# Given data:

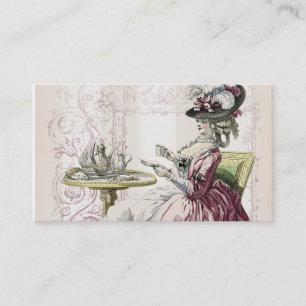 Carte De Visite Thé de l'après-midi, rayures gris de colombe pâ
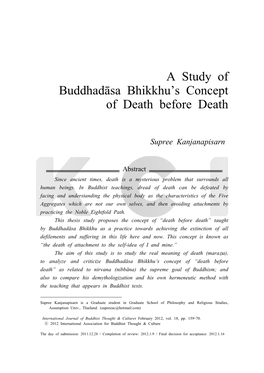 A Study of Buddhadāsa Bhikkhu's Concept of Death Before Death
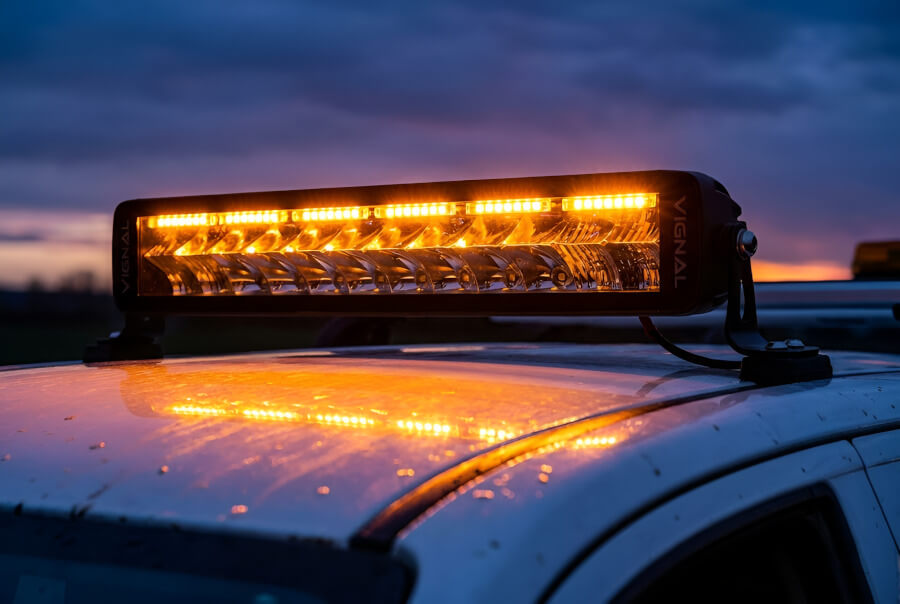 Detail zapnutého oranžového výstražného režimu u kombinované LED rampy - Kombinovaná LED rampa 49W s oranžovým majákem, IP69K, R112/R65/R7/R10
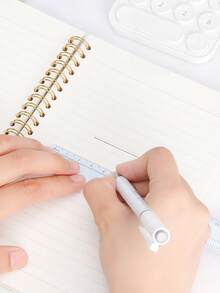 1pc Macaron Color Aluminum Alloy Straight Ruler, Engraved Straightedge Dual‑Scale Centimeter & Feet Metal Ruler, Measuring Tool For Office & Student Stationery, Back To School, Christmas Gift - Ruler - View 4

# Your assignment:
While leaving pictures out, reproduce exactly the lines from the beginning of the listing above through the line containing "Detail zapnutého oranžového", both ends included.

# Exercise answer:
 Carte De Visite Thé de l'après-midi, rayures gris de colombe pâ
 A Study of Buddhadāsa Bhikkhu's Concept of Death Before Death
 Detail zapnutého oranžového výstražného režimu u kombinované LED rampy - Kombinovaná LED rampa 49W s oranžovým majákem, IP69K, R112/R65/R7/R10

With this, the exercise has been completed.